360 Miles--some smart--some not so smart

A couple weeks ago I had the weather and the schedule to allow me to ride to work pretty much every day.  Rather than take the straight shot home each night, i delved off onto some of the back roads to get to my house.  Each day I felt a bit more confident on the roads--i knew where the gravel seemed to be accumulating, had a sense of the traffic--and started upping the speeds.  Found the bike sliding in some sharper corners but I attributed it to dust on the road.  Turns out, as a co-worker pointed out to me, my front tire was showing the tread wear bars.  The back was center-worn from all the highway rides to and from work, but I hadn't really noticed the front getting that bad that quickly.  so....a few calls around town and i lined up some tires from my local shop.  Continental Conti Motions...$253 installed...a pretty good deal.

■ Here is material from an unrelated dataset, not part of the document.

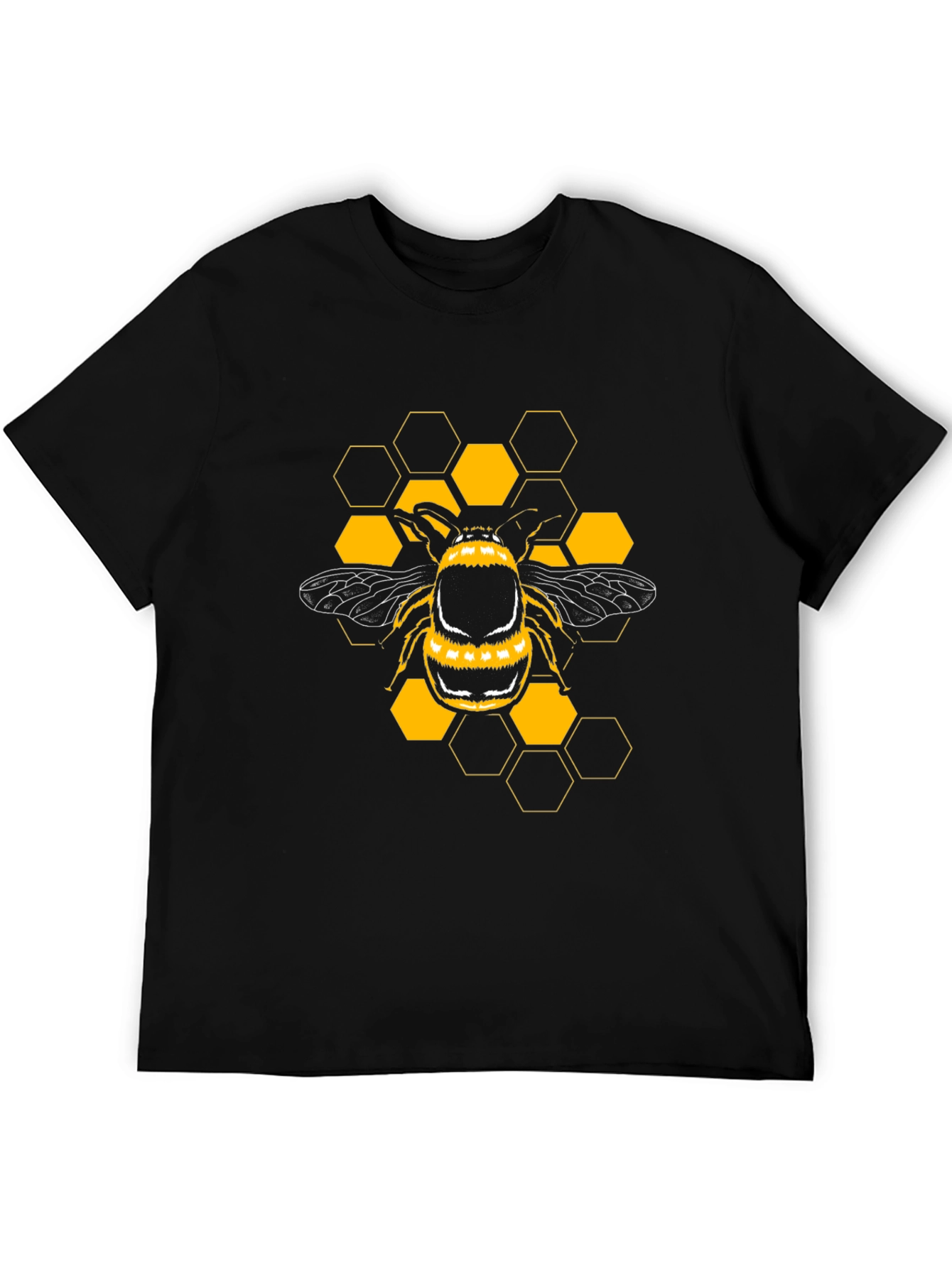 Bee Graphic Black T-Shirt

Yesterday I rode down to the shop and had them popped on...left the shop and head to Madison to meet Marcia as she had a class down there over the weekend into next week.  I had about 40 miles on the tires and took a really nice 270 degree, slightly downhill, positive camber freeway exchange.  Felt like the bike was going to lean forever, i instantly liked them.  The ride from La Crosse to Madison is about 135 miles of boring highway.  there are better ways to go, but I was on a time schedule--so i substituted with getting on and off the highway on the interesting looking exits.  The new tires stuck really well.

Took one side cut into Madison through Barraboo.  The road has some really nice, fast bends and a shot through three traffic circles (when times are tough you get your corners where you can).  The fast sweepers were so easily dispatched at 100mph it was scary.  The Concours has always felt like it handled well, but the new tires took it up a level.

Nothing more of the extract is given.